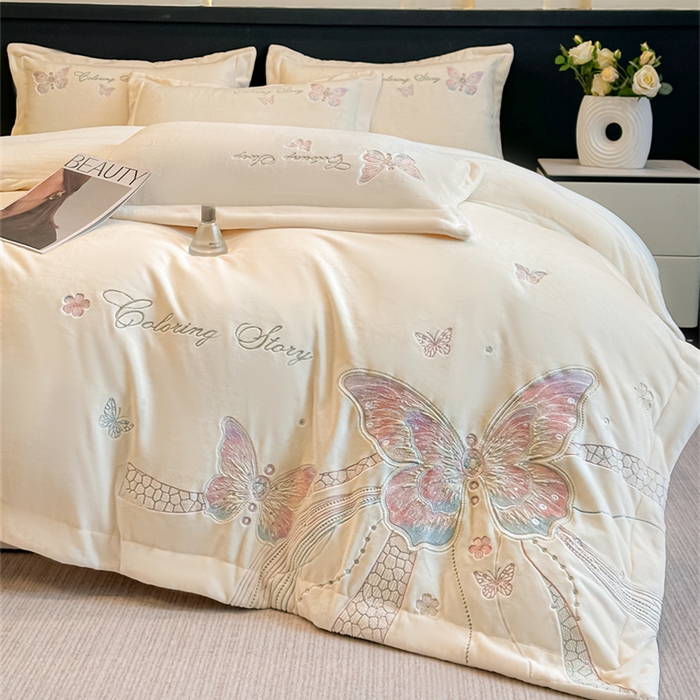 91家纺网 家纺一手货源 找家纺 锦铭源家纺 2025新款75D全消光超柔樱花绒绣花四件套牛奶绒四件套【有买家秀】 蝶恋-奶白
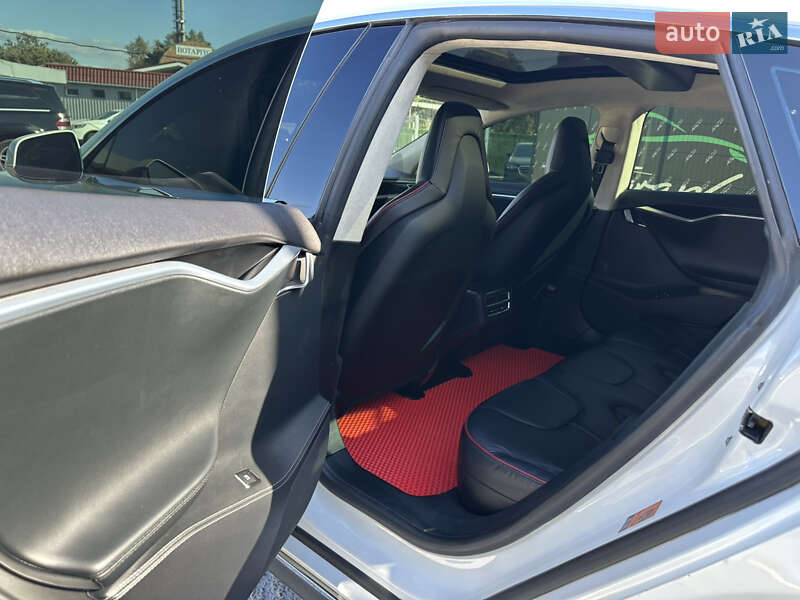 Лифтбек Tesla Model S 2013 в Киеве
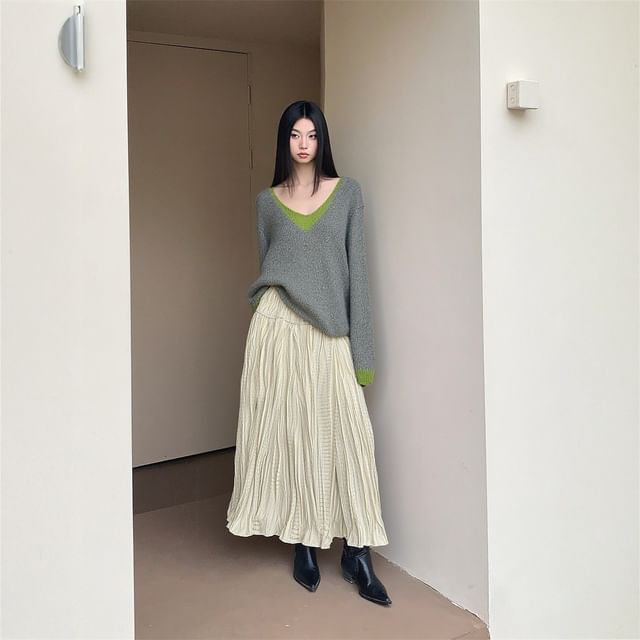 Two-Tone V-Neck Knit Top with Plaid Maxi Skirt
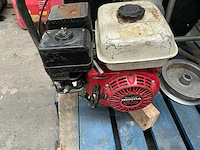 Benzine aangedreven trekkoord - afbeelding 5 van  8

== == ==

**Task statement**
Set the data above down again exactly as given, with no pictures.

**Answer to the problem**
 91家纺网 家纺一手货源 找家纺 锦铭源家纺 2025新款75D全消光超柔樱花绒绣花四件套牛奶绒四件套【有买家秀】 蝶恋-奶白
 Лифтбек Tesla Model S 2013 в Киеве
 Two-Tone V-Neck Knit Top with Plaid Maxi Skirt
 Benzine aangedreven trekkoord - afbeelding 5 van  8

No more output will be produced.